Once you have read the entries, copy all of them exactly.

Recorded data
※
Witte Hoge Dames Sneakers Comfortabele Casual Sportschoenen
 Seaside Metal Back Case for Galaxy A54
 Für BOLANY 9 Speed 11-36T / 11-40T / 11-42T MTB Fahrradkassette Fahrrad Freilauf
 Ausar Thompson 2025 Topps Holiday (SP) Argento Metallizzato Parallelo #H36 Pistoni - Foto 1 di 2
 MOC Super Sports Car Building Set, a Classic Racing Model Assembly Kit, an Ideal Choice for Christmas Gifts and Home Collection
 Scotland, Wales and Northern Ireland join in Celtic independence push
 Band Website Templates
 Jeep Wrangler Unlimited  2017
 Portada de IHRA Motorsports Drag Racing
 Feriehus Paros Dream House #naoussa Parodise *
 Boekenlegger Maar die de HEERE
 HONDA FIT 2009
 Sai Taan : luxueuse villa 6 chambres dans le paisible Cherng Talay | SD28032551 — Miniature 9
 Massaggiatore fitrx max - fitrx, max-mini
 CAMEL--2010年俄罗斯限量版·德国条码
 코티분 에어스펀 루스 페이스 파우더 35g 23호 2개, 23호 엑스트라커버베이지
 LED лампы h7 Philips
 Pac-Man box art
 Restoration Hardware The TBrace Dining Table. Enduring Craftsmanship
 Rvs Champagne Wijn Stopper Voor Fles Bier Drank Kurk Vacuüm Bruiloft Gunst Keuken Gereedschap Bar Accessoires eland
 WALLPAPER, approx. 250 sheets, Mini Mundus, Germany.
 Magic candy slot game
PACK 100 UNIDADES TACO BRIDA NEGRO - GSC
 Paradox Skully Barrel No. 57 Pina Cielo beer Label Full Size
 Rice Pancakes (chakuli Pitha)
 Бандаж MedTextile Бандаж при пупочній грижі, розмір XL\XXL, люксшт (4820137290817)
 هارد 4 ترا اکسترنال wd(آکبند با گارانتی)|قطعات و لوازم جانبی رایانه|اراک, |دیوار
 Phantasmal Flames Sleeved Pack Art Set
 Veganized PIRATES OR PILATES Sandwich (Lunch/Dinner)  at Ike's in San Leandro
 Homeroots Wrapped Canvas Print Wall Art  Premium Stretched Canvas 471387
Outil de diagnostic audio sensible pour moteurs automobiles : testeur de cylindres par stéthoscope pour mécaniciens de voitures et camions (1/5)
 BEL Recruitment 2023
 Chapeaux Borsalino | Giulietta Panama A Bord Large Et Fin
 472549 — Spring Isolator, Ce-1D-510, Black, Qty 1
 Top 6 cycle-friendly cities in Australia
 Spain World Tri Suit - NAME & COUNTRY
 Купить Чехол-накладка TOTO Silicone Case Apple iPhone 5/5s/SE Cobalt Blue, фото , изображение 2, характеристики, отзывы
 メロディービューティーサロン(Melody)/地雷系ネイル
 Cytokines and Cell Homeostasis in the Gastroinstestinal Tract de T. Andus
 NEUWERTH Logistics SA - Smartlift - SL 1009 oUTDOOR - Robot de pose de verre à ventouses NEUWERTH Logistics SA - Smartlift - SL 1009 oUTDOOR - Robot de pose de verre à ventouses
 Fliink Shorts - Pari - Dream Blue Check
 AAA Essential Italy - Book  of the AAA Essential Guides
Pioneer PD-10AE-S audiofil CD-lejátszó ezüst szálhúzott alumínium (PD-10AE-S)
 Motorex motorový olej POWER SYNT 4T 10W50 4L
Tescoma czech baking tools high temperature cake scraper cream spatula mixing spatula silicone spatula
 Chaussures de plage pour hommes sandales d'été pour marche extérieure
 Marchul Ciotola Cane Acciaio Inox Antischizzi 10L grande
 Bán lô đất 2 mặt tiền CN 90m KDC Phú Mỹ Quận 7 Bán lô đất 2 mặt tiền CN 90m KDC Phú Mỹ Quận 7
※
[RESULT OF THIS TASK]
Witte Hoge Dames Sneakers Comfortabele Casual Sportschoenen
 Seaside Metal Back Case for Galaxy A54
 Für BOLANY 9 Speed 11-36T / 11-40T / 11-42T MTB Fahrradkassette Fahrrad Freilauf
 Ausar Thompson 2025 Topps Holiday (SP) Argento Metallizzato Parallelo #H36 Pistoni - Foto 1 di 2
 MOC Super Sports Car Building Set, a Classic Racing Model Assembly Kit, an Ideal Choice for Christmas Gifts and Home Collection
 Scotland, Wales and Northern Ireland join in Celtic independence push
 Band Website Templates
 Jeep Wrangler Unlimited  2017
 Portada de IHRA Motorsports Drag Racing
 Feriehus Paros Dream House #naoussa Parodise *
 Boekenlegger Maar die de HEERE
 HONDA FIT 2009
 Sai Taan : luxueuse villa 6 chambres dans le paisible Cherng Talay | SD28032551 — Miniature 9
 Massaggiatore fitrx max - fitrx, max-mini
 CAMEL--2010年俄罗斯限量版·德国条码
 코티분 에어스펀 루스 페이스 파우더 35g 23호 2개, 23호 엑스트라커버베이지
 LED лампы h7 Philips
 Pac-Man box art
 Restoration Hardware The TBrace Dining Table. Enduring Craftsmanship
 Rvs Champagne Wijn Stopper Voor Fles Bier Drank Kurk Vacuüm Bruiloft Gunst Keuken Gereedschap Bar Accessoires eland
 WALLPAPER, approx. 250 sheets, Mini Mundus, Germany.
 Magic candy slot game
PACK 100 UNIDADES TACO BRIDA NEGRO - GSC
 Paradox Skully Barrel No. 57 Pina Cielo beer Label Full Size
 Rice Pancakes (chakuli Pitha)
 Бандаж MedTextile Бандаж при пупочній грижі, розмір XL\XXL, люксшт (4820137290817)
 هارد 4 ترا اکسترنال wd(آکبند با گارانتی)|قطعات و لوازم جانبی رایانه|اراک, |دیوار
 Phantasmal Flames Sleeved Pack Art Set
 Veganized PIRATES OR PILATES Sandwich (Lunch/Dinner)  at Ike's in San Leandro
 Homeroots Wrapped Canvas Print Wall Art  Premium Stretched Canvas 471387
Outil de diagnostic audio sensible pour moteurs automobiles : testeur de cylindres par stéthoscope pour mécaniciens de voitures et camions (1/5)
 BEL Recruitment 2023
 Chapeaux Borsalino | Giulietta Panama A Bord Large Et Fin
 472549 — Spring Isolator, Ce-1D-510, Black, Qty 1
 Top 6 cycle-friendly cities in Australia
 Spain World Tri Suit - NAME & COUNTRY
 Купить Чехол-накладка TOTO Silicone Case Apple iPhone 5/5s/SE Cobalt Blue, фото , изображение 2, характеристики, отзывы
 メロディービューティーサロン(Melody)/地雷系ネイル
 Cytokines and Cell Homeostasis in the Gastroinstestinal Tract de T. Andus
 NEUWERTH Logistics SA - Smartlift - SL 1009 oUTDOOR - Robot de pose de verre à ventouses NEUWERTH Logistics SA - Smartlift - SL 1009 oUTDOOR - Robot de pose de verre à ventouses
 Fliink Shorts - Pari - Dream Blue Check
 AAA Essential Italy - Book  of the AAA Essential Guides
Pioneer PD-10AE-S audiofil CD-lejátszó ezüst szálhúzott alumínium (PD-10AE-S)
 Motorex motorový olej POWER SYNT 4T 10W50 4L
Tescoma czech baking tools high temperature cake scraper cream spatula mixing spatula silicone spatula
 Chaussures de plage pour hommes sandales d'été pour marche extérieure
 Marchul Ciotola Cane Acciaio Inox Antischizzi 10L grande
 Bán lô đất 2 mặt tiền CN 90m KDC Phú Mỹ Quận 7 Bán lô đất 2 mặt tiền CN 90m KDC Phú Mỹ Quận 7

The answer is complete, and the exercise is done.